• _Your objective_:
Copy every line of the data that contains the string "posing".

• _Task data_:
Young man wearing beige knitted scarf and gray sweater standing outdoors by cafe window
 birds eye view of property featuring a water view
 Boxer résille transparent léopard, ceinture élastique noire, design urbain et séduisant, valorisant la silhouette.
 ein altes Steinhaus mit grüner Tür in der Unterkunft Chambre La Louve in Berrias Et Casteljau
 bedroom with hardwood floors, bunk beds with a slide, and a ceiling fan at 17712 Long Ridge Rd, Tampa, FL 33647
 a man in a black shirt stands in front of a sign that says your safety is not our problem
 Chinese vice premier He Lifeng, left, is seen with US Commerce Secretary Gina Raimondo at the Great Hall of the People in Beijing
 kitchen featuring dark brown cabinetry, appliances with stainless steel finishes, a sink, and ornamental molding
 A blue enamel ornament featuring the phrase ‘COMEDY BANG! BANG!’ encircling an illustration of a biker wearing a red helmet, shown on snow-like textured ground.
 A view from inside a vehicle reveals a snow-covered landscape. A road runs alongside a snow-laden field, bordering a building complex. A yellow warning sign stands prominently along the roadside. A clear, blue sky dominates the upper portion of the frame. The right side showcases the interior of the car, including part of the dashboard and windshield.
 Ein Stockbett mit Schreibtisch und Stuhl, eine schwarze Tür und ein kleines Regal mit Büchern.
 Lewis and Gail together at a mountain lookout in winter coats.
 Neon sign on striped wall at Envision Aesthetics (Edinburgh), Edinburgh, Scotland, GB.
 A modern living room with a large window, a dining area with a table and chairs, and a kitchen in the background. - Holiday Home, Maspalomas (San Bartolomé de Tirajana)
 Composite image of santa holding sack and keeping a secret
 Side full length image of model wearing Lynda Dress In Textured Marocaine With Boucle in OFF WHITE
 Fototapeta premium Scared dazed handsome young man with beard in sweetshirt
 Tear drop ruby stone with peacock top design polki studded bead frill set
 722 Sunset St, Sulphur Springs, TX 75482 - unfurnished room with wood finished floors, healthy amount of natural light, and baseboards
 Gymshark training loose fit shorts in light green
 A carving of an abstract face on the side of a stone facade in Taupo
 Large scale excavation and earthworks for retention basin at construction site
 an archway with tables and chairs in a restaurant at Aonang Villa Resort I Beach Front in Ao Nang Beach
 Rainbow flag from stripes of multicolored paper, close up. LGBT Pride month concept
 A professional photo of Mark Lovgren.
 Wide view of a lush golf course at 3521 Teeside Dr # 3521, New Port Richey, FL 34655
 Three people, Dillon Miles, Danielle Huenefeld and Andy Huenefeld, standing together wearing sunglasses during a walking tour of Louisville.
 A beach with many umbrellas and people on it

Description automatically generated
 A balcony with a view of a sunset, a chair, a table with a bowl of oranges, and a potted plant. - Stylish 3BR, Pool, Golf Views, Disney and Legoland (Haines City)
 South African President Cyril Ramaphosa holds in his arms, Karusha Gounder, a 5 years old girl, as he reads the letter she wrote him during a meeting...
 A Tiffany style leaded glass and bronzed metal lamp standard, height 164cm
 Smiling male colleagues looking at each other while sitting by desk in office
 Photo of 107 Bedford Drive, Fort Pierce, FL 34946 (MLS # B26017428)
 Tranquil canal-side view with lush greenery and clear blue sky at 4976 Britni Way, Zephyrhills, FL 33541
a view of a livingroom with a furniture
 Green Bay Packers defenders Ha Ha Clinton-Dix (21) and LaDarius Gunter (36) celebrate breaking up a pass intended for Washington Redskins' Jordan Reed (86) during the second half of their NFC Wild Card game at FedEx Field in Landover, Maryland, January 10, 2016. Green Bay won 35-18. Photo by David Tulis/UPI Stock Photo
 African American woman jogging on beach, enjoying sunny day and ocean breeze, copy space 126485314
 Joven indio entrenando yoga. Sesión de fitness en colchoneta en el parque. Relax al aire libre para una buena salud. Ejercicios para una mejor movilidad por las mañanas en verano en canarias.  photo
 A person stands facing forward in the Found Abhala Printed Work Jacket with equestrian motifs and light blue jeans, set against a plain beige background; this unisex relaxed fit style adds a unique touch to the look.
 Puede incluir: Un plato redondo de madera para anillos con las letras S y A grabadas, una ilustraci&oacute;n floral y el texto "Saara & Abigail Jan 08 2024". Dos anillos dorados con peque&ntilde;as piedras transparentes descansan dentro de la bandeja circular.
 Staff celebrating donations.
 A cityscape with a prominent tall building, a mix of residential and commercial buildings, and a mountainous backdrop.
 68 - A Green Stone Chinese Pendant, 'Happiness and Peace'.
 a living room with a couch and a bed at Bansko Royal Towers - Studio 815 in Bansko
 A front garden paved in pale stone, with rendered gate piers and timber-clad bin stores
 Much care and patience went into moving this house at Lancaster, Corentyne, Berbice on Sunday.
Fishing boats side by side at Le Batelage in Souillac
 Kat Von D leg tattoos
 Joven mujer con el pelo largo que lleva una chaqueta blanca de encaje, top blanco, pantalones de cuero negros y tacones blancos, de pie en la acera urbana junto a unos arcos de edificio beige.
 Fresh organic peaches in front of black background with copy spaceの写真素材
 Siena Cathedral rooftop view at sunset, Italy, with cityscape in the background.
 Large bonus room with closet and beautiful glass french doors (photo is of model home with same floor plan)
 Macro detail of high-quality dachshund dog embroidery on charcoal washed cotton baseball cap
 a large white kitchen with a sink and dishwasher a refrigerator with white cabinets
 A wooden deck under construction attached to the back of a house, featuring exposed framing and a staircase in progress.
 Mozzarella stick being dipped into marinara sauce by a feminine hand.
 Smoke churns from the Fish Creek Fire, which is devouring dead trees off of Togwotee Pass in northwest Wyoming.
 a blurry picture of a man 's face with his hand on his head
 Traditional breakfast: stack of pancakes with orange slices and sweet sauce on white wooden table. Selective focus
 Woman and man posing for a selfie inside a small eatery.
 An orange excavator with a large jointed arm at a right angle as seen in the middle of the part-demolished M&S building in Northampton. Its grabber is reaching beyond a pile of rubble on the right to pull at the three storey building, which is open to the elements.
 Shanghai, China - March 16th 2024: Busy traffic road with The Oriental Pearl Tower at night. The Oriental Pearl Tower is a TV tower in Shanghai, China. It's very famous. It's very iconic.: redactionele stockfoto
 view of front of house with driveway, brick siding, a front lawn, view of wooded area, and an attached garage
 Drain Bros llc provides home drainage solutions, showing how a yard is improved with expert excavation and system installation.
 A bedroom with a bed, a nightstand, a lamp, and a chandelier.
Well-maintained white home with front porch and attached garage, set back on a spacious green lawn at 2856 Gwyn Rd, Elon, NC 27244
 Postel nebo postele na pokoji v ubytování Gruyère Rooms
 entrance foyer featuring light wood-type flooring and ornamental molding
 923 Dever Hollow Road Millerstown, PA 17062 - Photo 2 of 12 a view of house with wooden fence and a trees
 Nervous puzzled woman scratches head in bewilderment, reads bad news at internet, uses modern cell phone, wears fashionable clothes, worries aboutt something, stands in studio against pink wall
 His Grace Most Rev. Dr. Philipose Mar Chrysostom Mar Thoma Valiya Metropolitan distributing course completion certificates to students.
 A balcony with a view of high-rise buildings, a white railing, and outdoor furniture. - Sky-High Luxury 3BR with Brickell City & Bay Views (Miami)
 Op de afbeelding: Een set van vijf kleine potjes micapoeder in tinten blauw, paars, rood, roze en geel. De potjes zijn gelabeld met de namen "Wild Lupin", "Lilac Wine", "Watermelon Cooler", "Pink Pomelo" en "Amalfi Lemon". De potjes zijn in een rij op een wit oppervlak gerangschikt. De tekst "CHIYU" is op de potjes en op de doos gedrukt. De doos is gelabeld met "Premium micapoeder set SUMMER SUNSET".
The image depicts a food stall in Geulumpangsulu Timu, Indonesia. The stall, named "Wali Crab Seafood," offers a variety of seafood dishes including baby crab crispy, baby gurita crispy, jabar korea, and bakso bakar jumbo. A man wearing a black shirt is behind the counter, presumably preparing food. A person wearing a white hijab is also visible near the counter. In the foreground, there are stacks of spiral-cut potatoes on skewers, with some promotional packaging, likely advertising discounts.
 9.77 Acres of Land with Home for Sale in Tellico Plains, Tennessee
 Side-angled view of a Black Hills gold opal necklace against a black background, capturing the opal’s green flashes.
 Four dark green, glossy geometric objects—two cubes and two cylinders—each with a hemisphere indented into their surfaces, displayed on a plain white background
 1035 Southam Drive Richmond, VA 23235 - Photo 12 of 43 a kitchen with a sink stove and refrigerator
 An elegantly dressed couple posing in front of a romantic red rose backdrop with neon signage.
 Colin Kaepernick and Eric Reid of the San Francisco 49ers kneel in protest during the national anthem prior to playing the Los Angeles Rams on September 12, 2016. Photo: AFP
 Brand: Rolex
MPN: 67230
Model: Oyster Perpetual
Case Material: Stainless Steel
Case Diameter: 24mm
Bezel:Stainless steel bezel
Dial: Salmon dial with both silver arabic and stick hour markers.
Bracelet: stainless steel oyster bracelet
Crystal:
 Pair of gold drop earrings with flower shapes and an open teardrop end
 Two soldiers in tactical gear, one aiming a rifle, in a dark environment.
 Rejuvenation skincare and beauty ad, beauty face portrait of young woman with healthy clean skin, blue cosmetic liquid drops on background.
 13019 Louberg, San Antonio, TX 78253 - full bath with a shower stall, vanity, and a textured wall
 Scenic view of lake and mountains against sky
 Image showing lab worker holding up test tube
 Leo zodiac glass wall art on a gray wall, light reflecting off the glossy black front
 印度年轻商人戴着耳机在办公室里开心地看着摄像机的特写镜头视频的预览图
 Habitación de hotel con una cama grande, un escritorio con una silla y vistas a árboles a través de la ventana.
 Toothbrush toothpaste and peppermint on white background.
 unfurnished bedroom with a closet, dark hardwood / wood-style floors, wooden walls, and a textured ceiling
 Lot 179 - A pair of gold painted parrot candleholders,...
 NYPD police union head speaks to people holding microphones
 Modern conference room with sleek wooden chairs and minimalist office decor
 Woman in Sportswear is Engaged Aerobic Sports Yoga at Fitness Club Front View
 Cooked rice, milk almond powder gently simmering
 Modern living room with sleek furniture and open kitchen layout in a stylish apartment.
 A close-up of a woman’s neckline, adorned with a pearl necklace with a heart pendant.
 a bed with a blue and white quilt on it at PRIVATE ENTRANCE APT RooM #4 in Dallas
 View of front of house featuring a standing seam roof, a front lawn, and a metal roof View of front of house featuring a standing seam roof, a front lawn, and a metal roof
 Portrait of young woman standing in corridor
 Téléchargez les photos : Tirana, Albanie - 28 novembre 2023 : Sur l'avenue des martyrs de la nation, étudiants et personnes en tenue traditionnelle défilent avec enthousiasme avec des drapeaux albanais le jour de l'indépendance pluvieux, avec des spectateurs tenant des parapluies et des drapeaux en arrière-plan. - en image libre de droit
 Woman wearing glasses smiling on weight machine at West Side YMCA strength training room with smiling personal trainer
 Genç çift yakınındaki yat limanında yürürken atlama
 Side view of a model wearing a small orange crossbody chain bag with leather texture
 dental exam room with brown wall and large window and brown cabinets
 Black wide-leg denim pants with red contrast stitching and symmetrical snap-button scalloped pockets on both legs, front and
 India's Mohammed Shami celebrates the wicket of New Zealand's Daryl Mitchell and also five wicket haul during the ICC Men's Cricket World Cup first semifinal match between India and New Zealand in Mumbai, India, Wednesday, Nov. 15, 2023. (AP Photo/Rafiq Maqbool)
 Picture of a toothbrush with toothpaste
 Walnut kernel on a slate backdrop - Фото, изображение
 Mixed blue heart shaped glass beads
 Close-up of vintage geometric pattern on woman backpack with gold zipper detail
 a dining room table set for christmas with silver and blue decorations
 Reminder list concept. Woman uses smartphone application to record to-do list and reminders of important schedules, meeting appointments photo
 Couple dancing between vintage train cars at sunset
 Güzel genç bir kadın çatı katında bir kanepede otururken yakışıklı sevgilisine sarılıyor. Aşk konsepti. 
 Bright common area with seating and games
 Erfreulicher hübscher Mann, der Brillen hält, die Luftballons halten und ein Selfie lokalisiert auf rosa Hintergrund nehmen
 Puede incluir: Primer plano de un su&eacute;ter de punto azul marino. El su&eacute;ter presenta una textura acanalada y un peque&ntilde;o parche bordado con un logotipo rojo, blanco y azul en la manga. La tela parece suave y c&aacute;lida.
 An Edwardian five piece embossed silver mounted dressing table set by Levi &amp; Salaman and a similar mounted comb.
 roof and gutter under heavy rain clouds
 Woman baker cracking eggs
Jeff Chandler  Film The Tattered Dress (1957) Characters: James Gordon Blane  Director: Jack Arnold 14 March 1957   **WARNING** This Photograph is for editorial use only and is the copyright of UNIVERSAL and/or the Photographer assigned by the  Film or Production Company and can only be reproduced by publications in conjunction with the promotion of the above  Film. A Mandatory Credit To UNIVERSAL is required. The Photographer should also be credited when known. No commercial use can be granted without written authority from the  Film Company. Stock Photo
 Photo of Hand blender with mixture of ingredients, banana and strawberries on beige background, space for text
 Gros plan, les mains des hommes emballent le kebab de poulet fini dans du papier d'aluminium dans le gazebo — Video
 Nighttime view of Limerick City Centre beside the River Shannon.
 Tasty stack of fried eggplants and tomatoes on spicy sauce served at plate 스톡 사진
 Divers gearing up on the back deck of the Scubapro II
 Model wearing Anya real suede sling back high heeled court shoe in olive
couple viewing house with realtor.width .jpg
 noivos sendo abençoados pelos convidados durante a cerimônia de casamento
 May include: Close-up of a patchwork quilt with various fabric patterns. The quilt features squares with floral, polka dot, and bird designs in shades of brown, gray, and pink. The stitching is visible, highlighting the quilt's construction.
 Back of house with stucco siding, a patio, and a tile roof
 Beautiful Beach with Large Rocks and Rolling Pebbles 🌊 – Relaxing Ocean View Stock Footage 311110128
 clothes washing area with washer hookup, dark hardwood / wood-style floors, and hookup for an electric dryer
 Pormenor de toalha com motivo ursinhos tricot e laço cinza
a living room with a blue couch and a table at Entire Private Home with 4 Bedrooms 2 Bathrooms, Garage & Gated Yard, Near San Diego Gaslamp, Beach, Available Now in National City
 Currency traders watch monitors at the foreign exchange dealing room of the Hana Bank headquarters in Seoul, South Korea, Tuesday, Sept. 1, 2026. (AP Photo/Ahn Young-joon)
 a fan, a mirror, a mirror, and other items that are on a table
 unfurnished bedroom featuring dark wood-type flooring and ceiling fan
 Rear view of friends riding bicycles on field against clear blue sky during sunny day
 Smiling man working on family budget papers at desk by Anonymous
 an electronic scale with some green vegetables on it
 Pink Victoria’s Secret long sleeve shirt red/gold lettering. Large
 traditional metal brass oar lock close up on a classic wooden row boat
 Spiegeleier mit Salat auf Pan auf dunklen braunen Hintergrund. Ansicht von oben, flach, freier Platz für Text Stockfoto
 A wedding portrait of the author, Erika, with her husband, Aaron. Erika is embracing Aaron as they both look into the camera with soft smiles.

• _Expected answer_:
 Woman and man posing for a selfie inside a small eatery.
 An elegantly dressed couple posing in front of a romantic red rose backdrop with neon signage.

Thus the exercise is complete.